Dois modelos de governo dos juízes

existir dois modelos de assessoria judiciária na União Europeia. Por um lado, o modelo que representa uma autoridade executiva independente, responsável por governar os juízes e nomeá-los, como é o caso da França, Portugal, Espanha, Bulgária e Romênia. Por outro lado, o modelo de serviço judicial, em que os poderes do conselho judiciário são muito mais limitados e não envolvem nomeações. Por exemplo, no caso da Dinamarca, os juízes são nomeados pela Rainha sob proposta do Ministro da Justiça; na Irlanda, são nomeados pelo presidente por recomendação do governo; e na Bélgica, o conselho judiciário representa os magistrados, mas estes são nomeados pelo ministro da justiça.

Sobre se é preferível um modelo de CGPJ independente ou encabeçado pelo Ministro da Justiça, Gisela Hernández explica que o primeiro é implementado preferencialmente em países com experiência ditatorial, como Espanha, Portugal e Grécia e os países da antiga União Soviética, sendo a República Checa a única exceção no seu contexto em que o Ministério da Justiça governa os seus juízes. “Dentro transições democráticas Nesses países, havia um grande temor de que os poderes se concentrassem no executivo, razão pela qual foi proposto este modelo de autogoverno do judiciário”.

A soberania popular sofre se a carreira judiciária nomeia diretamente os membros judiciais da CGPJ? Esta é a questão que mais suscita polêmica em relação à reforma do modelo espanhol. O político histórico Nicolás Sartorius, cofundador do CCOO, é contra a reforma. “Ultimamente, se enraizou a ideia de que se a CGPJ fosse eleita pelos juízes, seria mais democrática”, diz Sartorius. Públiconegando tal afirmação e alertando para o risco de corporativismo judicial.

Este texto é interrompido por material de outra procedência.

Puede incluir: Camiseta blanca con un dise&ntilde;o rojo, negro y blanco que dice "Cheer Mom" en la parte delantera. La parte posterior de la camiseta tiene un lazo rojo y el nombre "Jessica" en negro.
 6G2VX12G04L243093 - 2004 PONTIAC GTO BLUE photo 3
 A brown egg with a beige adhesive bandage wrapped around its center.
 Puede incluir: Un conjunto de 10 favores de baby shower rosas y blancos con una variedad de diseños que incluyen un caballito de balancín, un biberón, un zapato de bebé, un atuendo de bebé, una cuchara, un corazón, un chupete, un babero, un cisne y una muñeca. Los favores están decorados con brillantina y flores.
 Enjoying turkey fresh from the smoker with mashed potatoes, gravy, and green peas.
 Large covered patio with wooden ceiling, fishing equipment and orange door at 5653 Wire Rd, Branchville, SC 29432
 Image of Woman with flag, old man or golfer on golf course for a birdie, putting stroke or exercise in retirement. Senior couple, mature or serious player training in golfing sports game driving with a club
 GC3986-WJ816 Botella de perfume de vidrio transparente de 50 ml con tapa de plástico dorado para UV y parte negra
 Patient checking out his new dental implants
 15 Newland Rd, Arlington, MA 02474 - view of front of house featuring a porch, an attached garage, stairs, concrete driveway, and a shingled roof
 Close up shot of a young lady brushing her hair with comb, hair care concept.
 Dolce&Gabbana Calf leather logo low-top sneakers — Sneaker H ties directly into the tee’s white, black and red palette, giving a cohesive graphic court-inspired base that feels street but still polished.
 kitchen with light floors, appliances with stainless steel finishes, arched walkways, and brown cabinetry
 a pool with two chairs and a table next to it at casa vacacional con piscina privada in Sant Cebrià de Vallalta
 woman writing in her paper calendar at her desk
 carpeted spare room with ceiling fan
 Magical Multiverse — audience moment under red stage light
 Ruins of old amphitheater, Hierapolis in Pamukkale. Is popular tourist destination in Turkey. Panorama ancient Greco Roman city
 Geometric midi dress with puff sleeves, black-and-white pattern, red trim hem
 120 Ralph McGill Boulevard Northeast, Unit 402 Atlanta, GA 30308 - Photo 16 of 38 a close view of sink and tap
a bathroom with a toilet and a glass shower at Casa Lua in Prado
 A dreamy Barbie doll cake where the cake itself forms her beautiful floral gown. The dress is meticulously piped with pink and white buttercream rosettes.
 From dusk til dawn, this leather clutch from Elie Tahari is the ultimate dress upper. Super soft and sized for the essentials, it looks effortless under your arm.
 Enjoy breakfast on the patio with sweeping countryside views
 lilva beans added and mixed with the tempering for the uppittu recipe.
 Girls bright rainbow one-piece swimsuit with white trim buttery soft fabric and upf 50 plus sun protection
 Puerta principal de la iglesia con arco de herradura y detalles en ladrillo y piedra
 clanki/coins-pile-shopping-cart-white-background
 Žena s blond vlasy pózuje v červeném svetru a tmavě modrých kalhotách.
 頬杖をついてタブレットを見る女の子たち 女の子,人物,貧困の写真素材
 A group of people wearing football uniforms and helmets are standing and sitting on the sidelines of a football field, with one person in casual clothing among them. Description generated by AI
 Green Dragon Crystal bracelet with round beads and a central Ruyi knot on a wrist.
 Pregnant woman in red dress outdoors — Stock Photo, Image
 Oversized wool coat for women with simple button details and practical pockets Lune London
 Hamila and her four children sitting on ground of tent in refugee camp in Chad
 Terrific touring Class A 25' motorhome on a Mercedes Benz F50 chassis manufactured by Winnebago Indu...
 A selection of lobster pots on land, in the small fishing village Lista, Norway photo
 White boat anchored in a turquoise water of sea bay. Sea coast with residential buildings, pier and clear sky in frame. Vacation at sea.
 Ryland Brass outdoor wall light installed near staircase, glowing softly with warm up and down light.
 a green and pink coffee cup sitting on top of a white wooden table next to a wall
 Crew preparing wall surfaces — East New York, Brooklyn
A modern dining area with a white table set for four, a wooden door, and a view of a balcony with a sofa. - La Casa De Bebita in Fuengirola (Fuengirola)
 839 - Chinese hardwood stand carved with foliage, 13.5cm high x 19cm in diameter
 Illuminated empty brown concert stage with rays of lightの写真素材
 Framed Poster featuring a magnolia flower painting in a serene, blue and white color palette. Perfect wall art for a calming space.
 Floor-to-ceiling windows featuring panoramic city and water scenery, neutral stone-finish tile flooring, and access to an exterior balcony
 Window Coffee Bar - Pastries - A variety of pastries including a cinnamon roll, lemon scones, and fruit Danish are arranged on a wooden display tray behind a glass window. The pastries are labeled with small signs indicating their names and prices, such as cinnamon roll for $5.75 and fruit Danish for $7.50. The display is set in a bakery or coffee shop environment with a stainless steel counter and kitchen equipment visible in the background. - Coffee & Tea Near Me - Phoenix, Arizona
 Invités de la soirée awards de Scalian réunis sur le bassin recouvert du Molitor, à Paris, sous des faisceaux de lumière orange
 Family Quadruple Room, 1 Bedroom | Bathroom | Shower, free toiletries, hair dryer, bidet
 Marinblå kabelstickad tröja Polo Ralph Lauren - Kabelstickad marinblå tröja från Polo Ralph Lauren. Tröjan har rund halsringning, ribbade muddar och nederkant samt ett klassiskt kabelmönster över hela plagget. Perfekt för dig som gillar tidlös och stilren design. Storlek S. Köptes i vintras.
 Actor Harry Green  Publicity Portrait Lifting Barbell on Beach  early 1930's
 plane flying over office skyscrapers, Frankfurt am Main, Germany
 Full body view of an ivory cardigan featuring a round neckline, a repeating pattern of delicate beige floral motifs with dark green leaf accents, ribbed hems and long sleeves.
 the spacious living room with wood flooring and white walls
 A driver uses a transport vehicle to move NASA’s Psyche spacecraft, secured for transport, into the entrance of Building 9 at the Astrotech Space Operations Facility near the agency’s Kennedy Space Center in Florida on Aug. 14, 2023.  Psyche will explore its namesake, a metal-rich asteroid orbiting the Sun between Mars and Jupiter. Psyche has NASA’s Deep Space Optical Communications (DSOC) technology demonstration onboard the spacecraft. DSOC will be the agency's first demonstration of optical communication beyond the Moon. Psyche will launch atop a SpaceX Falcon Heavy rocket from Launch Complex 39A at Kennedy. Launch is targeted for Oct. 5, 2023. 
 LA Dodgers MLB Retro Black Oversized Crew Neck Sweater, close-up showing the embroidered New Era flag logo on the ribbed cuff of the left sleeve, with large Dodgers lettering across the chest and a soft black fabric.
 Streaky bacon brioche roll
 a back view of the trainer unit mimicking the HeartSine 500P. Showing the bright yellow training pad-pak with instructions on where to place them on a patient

“Acalmou-se a ideia de que se a CGPJ for eleita pelos juízes, é mais democrática e é falsa”, considera Sartorius

“A Constituição espanhola, em seu artigo primeiro, diz que a soberania nacional pertence ao povo espanhol, de quem emanam todos os poderes do Estado. ou seja, representantes deste poder e, como tal, emana directamente dos cidadãos, através dos seus representantes no Parlamento. Não há nada mais democrático“, diz Nicolas Sartorius.

Para Gisela Hernández, por outro lado, a soberania popular não seria afetada pela mudança de modelo “porque nos garantiríamos um componente de independência sendo propostos e eleitos pelos próprios juízes; e, por outro lado, seguindo a recomendação do Conselho da Europa, teríamos os restantes membros, que não são juízes, mas juristas, como indica a Constituição espanhola, que continuariam a ser eleitos pelo Parlamento, e isso Assegura que Legitimidade democrática e responsabilidade na frente da cidade.”